**Prompt:**
Word for word, repeat the records, leaving every picture behind.

**Provided records:**
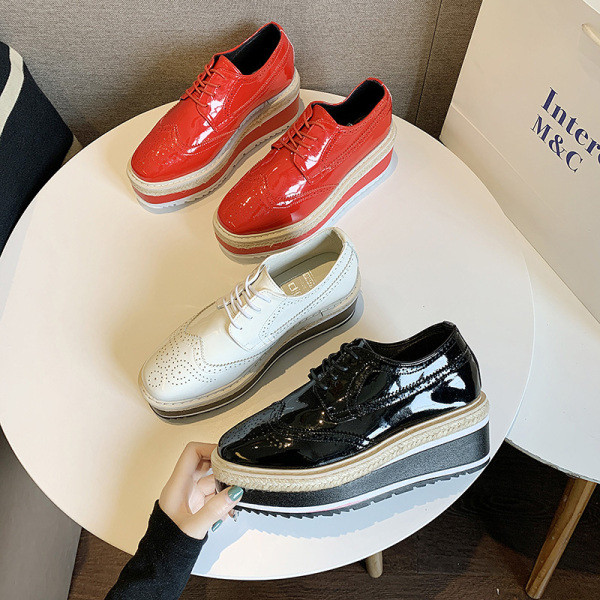 Alkalmi női lakkcipő lapos és magas talppal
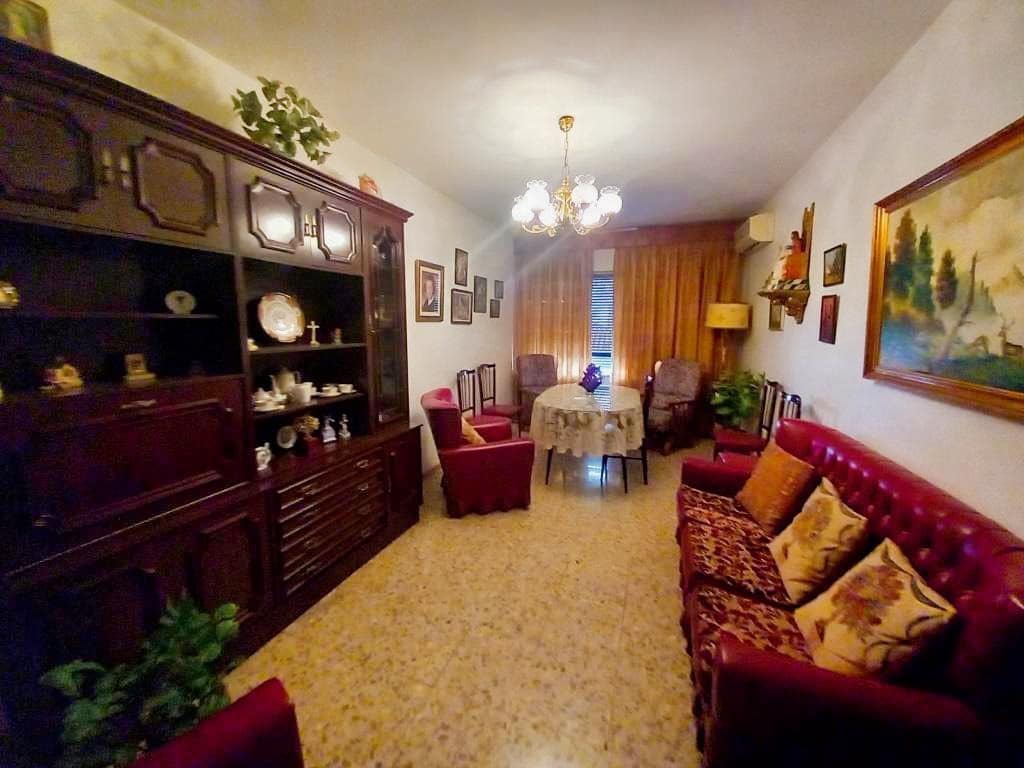 3 bedroom Apartment for sale in Martos - € 45,000 (Ref: 9404550)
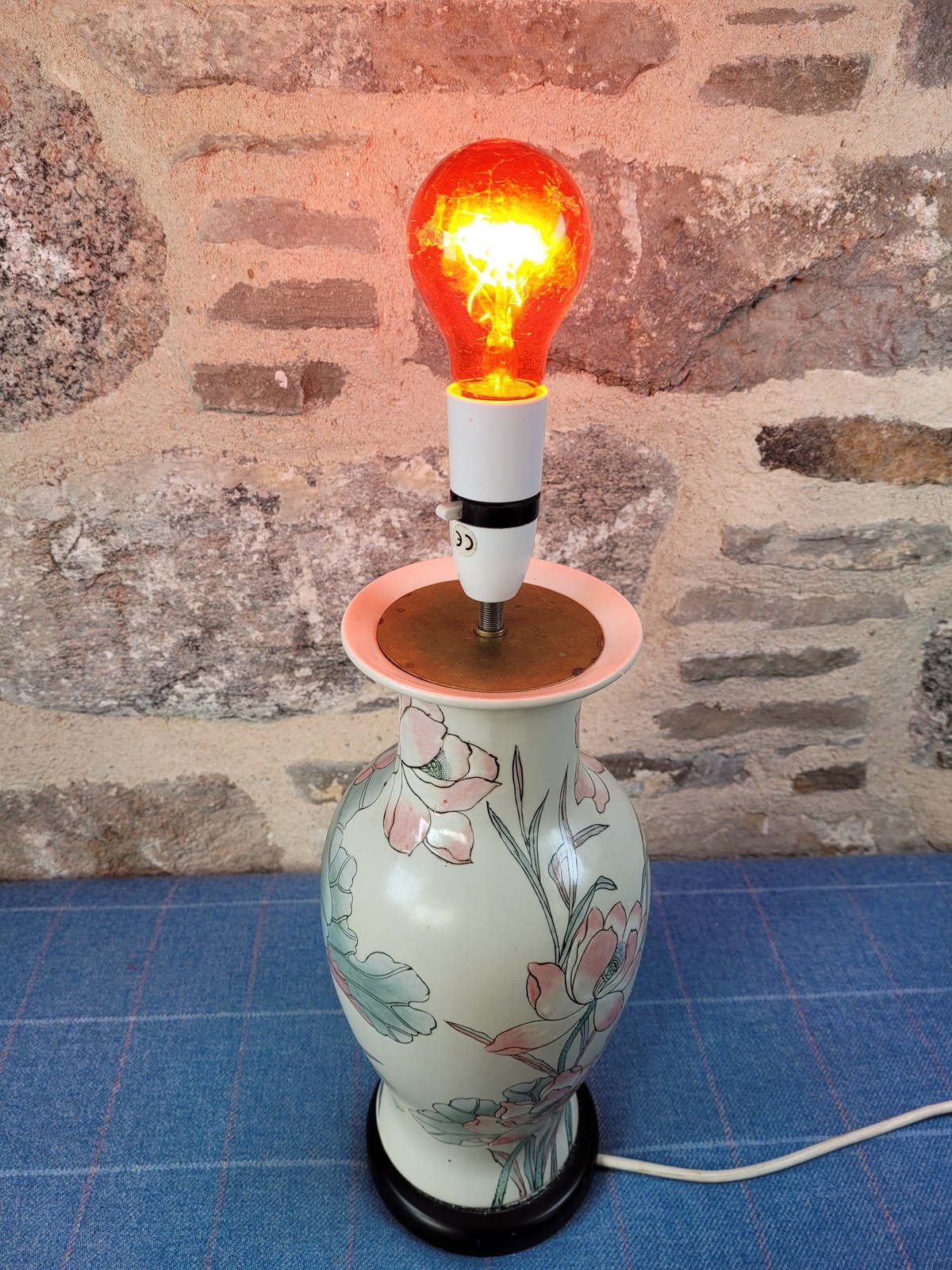 Vintage Carlos Remes Ceramic Vase Table Lamp Floral Bird Design Oriental Style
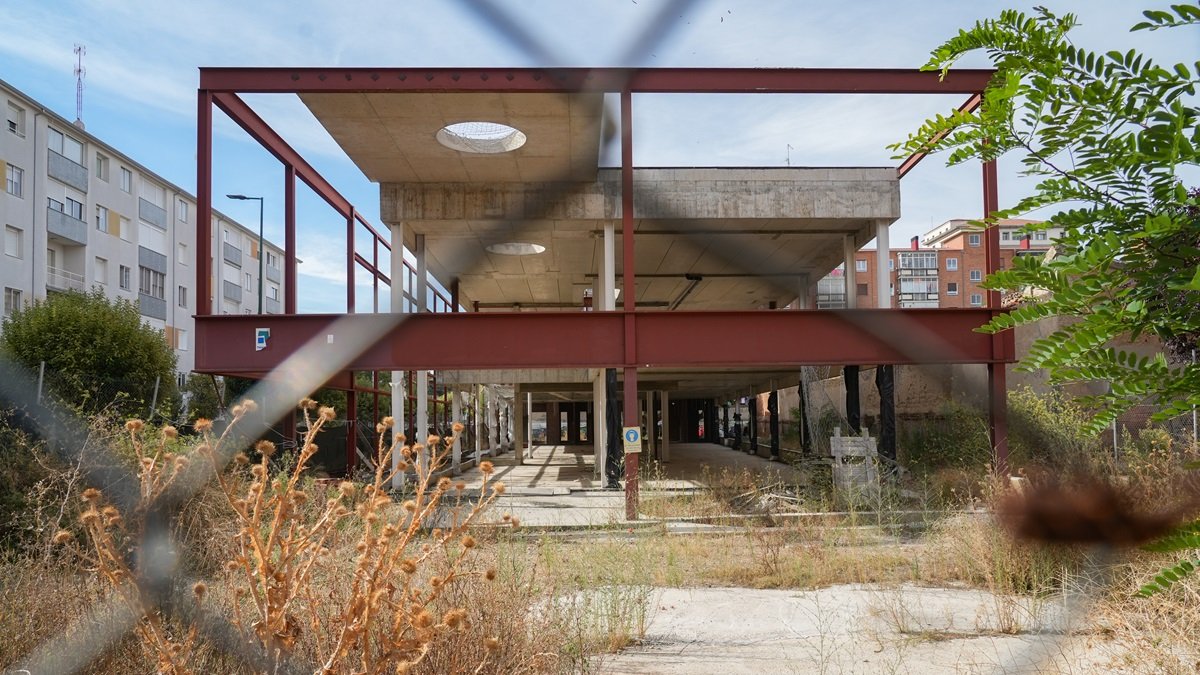 Estado actual del edificio de la Seguridad Social en Rondilla.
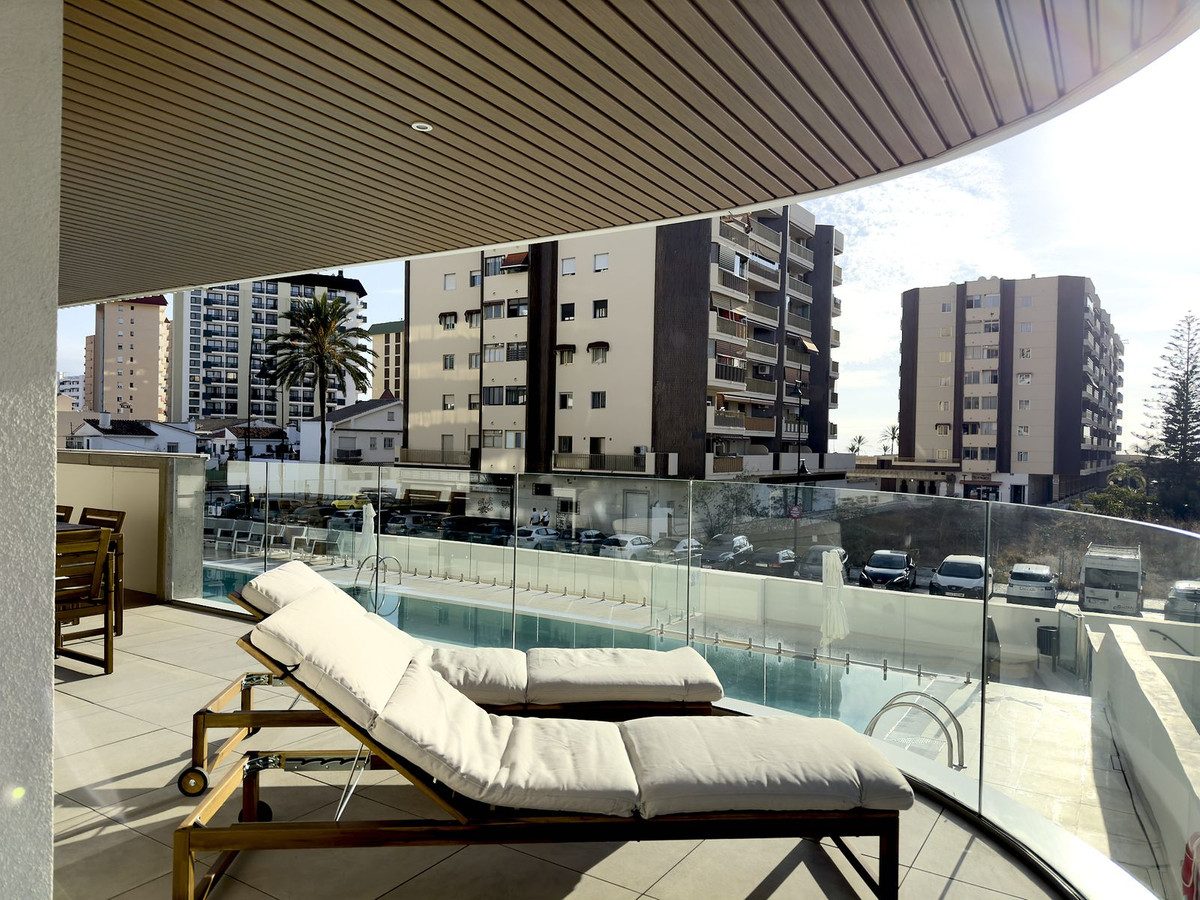 Middle Floor Apartment in Torremolinos, Costa del Sol – 2 beds – 719000 € - photo 3 of 54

**Answer space:**
 Alkalmi női lakkcipő lapos és magas talppal
 3 bedroom Apartment for sale in Martos - € 45,000 (Ref: 9404550)
 Vintage Carlos Remes Ceramic Vase Table Lamp Floral Bird Design Oriental Style
 Estado actual del edificio de la Seguridad Social en Rondilla.
 Middle Floor Apartment in Torremolinos, Costa del Sol – 2 beds – 719000 € - photo 3 of 54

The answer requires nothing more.